『ジャッカルの日』 暗殺者・緻密な仕事・凄すぎる!

ターゲットに近付く暗殺者、それを阻止しようと国を挙げて追う警察、こんなサスペンス映画は見たことない!

   こんな人にオススメ!

  • プロフェッショナルな仕事をする暗殺者が見たい
  • 息詰まる警察と犯人の攻防が見たい
  • ドキュメンタリーのような大統領暗殺計画が見たい

どんな映画?

フレデリック・フォーサイスのベストセラー小説を、フレッド・ジンネマン監督が映画化した1973年の作品。
まるでドキュメントか再現フィルムを見ているような、フィクションに史実を取り入れたサスペンスの傑作。
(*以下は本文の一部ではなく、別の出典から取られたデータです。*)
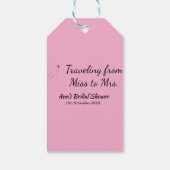 旅行用ブライズシャワーのネームカードの例：ミス（旧姓）シム → ミセス（姓）シム ギフトタグ (裏面)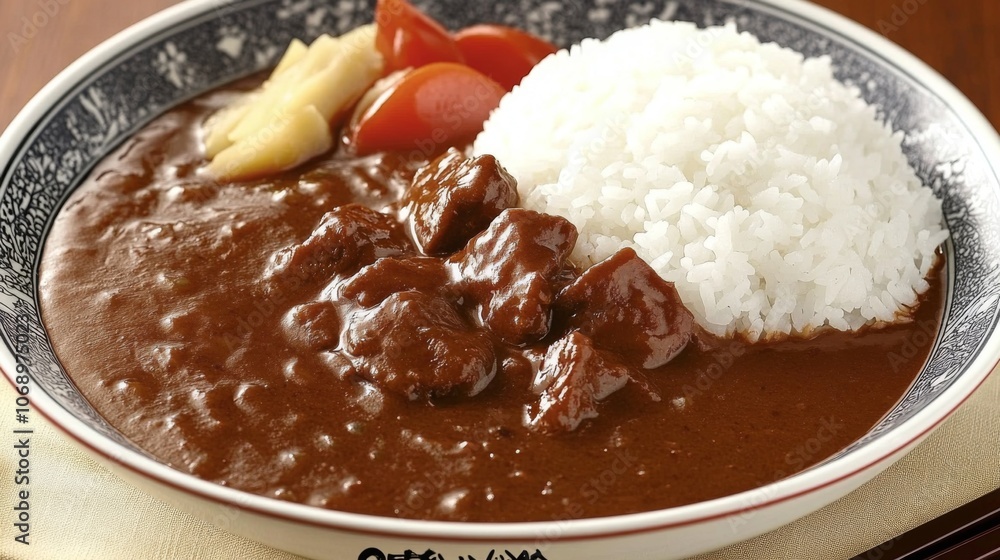 Delicious Beef Curry with Rice and Vegetables Delicious Beef Curry with Rice and Vegetables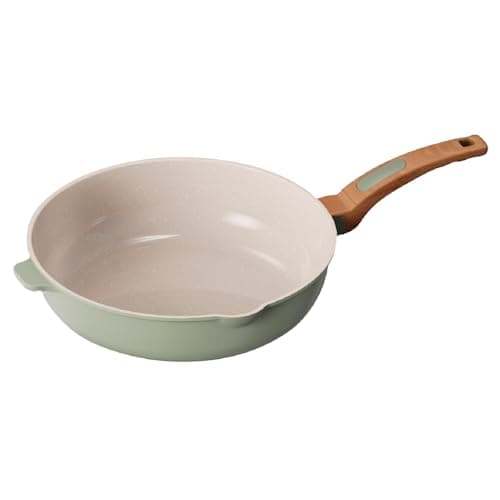 Image of Cooksmart Signature 28cm Deep Frying Pan – Cast Aluminium | Non-Stick | PFOA & PFAS Free | Induction, Gas, & Electric Hob Compatible | Dishwasher Safe | Ergonomic Handle (Sage Green)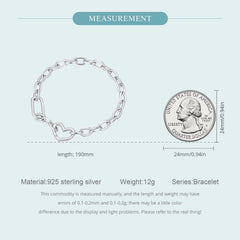 Bracelet chaîne cœur simple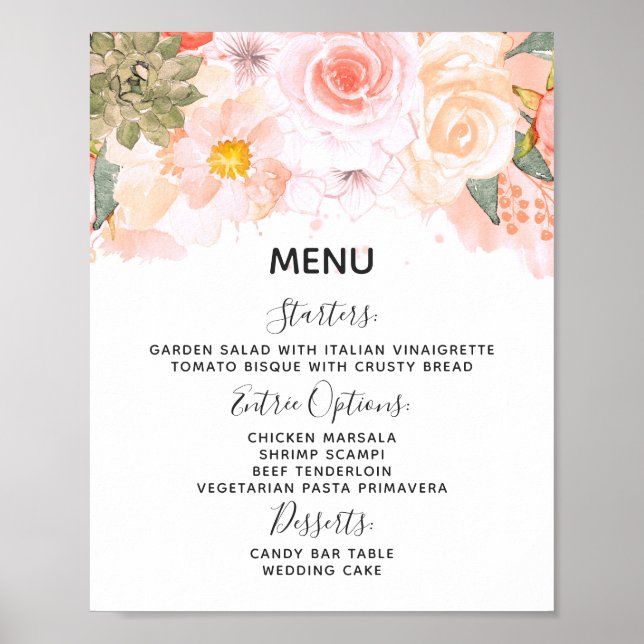 Poster Peach & Mint Succulents Mariage Menu Panneau Table (Devant)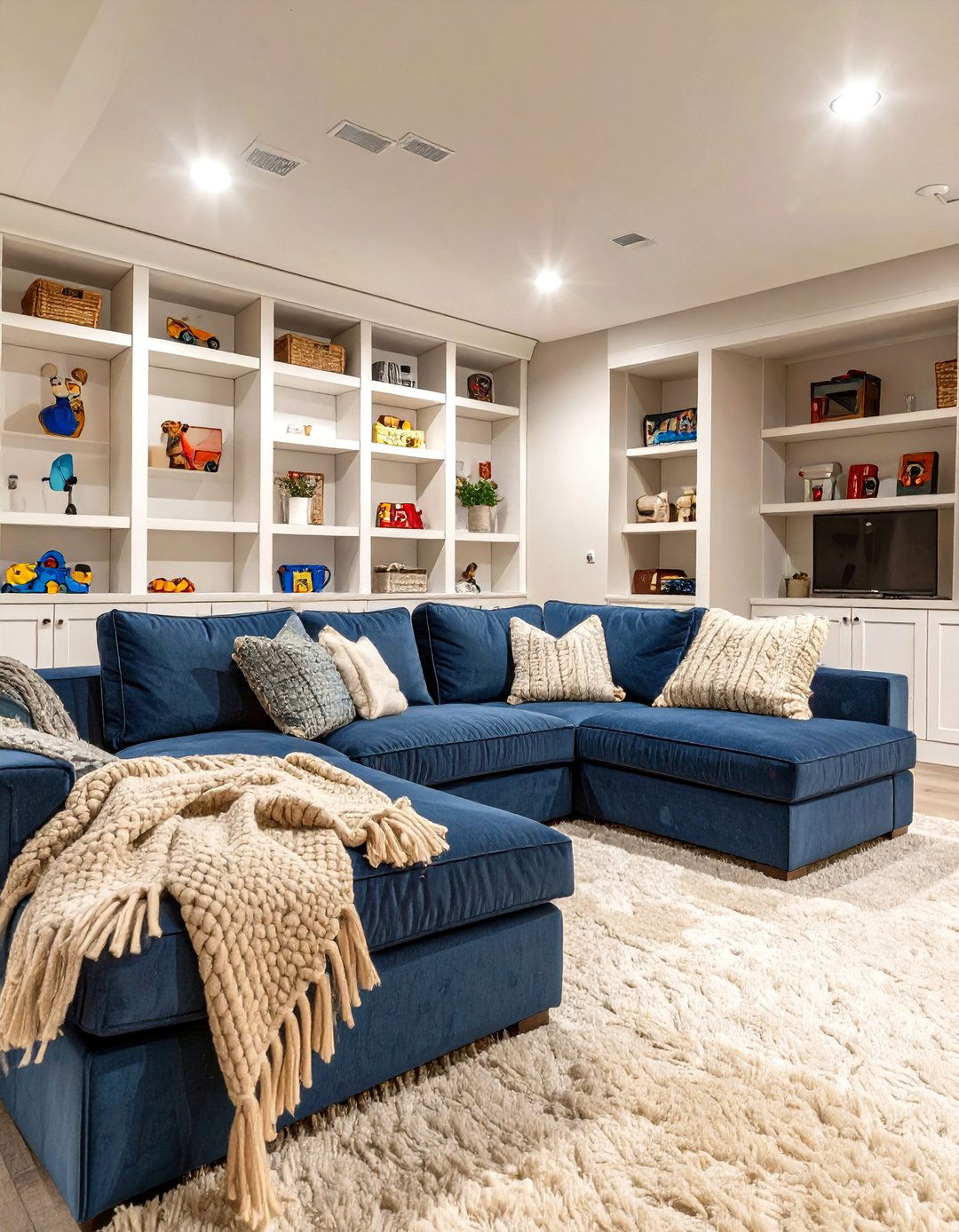 Cozy Basement Family Room - 30 basement decorating ideas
▶︎▶︎▶︎ フランスのド・ゴール大統領暗殺を企んだ秘密組織OASが、コードネーム・ジャッカルと言うプロの暗殺者を雇う。
その動きを察知したフランスは、ルベル警部を中心にジャッカルを追いかけるが、一歩先を行くジャッカルに翻弄される。
やがド・ゴール大統領が群衆の前に姿を現し、ジャッカルは大統領の頭に狙いを定めた……。


「この銃は芸術品だな」

見所&解説

見所はズバリ、殺し屋ジャッカルの冷静な動きだ!

アメリカのケネディ大統領が暗殺された時、次はフランスのド・ゴールだとメディアでは囁かれました。
実際、この人ほど暗殺されかけた大統領もいないでしょう。
何故なら、この物語でも登場する武装テロ組織のO.A.Sは実在し、その力で大統領になったド・ゴールが、そのテロ組織をすべて排除、つまり彼らを裏切ってしまったのだ。

オープニングのクレジットの文字が黒く、不気味な感じで始まる。
ド・ゴール大統領は数台の車(シトロエン!)を引き連れ、地方の空港へ向かうが、途中、激しい銃撃に見舞われる。
が、車の窓ガラスこそ割れたが、奇跡的に死傷者ゼロと言う展開で幕をあける。
これは実話で、この後からがフィクションになる。

この一件でO.A.Sの幹部が処刑され、手薄になった組織は外部から暗殺者を雇うことになる。
その筆頭に選ばれたのが、実績のある、コードネーム・ジャッカルと言うイギリス人だった。
ジャッカルの要求する金額が法外だったため、テロ組織は銀行など数カ所を襲って資金を調達する姿が涙ぐましい。(笑)
この映画は、プロの殺し屋が、一体どんな方法で暗殺を実行するのかを、ドキュメンタリー・タッチで克明に、そして鮮明に見せる。
オーダーメイドのライフルやパスポート、免許証の偽造、他人に成り済ます変装や車の改造・偽造、暗殺の実行場所の選定など、どれも抜かりがない。
なかでも、スイカを人の頭に見立てて、ライフルの照準値をドライバーで少しづつ合わせていくシーン、男子諸君なら、みんなシビレること、間違いない。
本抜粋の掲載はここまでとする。